I consider "Kitchen Kapers" to be nothing less than a work of American folk art.

The book was "compiled" by the City Club of Albany. The City Club is apparently still a going concern (they have a Facebook Page).

Will give some more in-depth coverage of the various hand-drawn elements (ads and recipe artwork) in the future, so just a teaser below. The Tobin's ad and the intro. page to "Meats" are both great. I had a great uncle who worked for Tobin's!

I chose a fairly simple recipe mostly due to the fact that I had a pack of hot dogs in the fridge that I wanted to do away with. This recipe is by no means my favorite (or the most interesting) in the book. There is another humdinger of a recipe in Kitchen Kapers that I am going to have to lay on you at some point in the future.

Here we have "Barbecued Frankfurters" by Mrs. Willbur H. Crammel Sr.

This is a fairly simple recipe and is thoroughly typical of other contemporary recipe collections in my collection.

It's basically a ketchup based BBQ sauce poured over hot dogs and then baked.

Here she is pipin' hot out of the oven!

I am going to dig deep here for a reference, bear with me... The appearance of the "Barbecued Frankfurters" immediately conjured to my mind a scene from the seminal 1989 classic film "Robot Jox."

I am, of course, speaking of the "Real Meat Tonight" scene.

Anyhow, I was a little perplexed by this dish. There was not the usual "serve over rice" or "serve on sliced bread" instruction at the end of the recipe to guide me towards a suitable method of consumption.

I flopped a dog on a plate.

Pretty much what you would expect.
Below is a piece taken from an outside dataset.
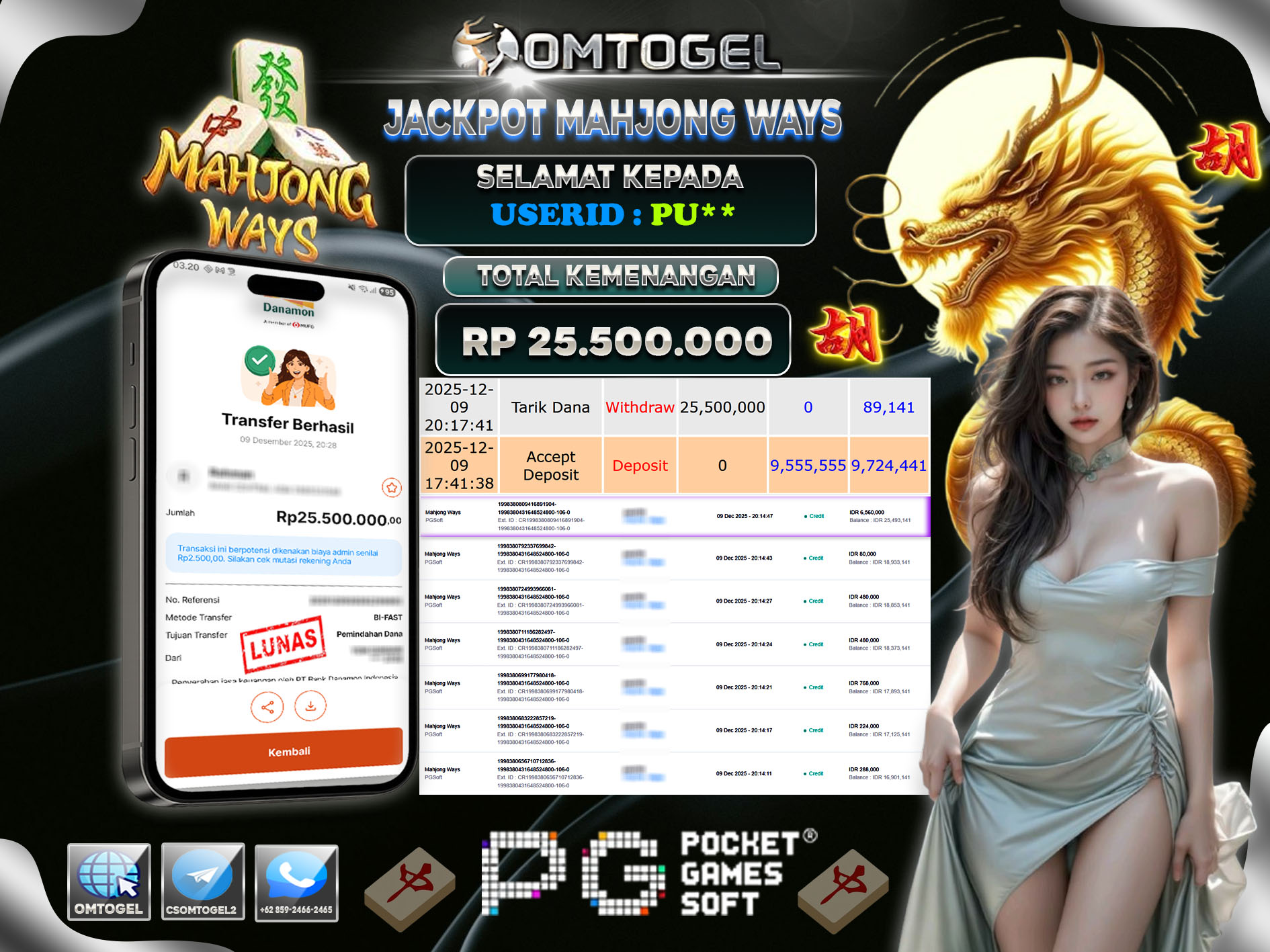 OMTOGEL JACKPOT PGSOFT MAHJONG WAYS  ,25, JUTA DI BAYAR LUNAS ,-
A baked hot dog with some sweet BBQ sauce. I will say that it reminded me of the "Brat Tub" preparation (click here for an ancient recipe from my blogging past). I love me a good Brat Tub. Should the craving for wurst braised in a sweet sauce strike me in the future, I will be going with the Brat Tub.

Certainly more to follow concerning "Kitchen Kapers." As I am easily the 3 or 4 thousandth most eminent City of Albany cookbook historian, I feel it is my duty to give this recipe collection the attention it deserves.

Friday, February 10, 2017

I'm Dope and I Do Dope Things... Such as Scouring Used Bookstores For Local Cookbooks... ("The Potato Chip Cookbook" Saratoga, by Mrs. Cornelius Vanderbilt Whitney. SIGNED!!!)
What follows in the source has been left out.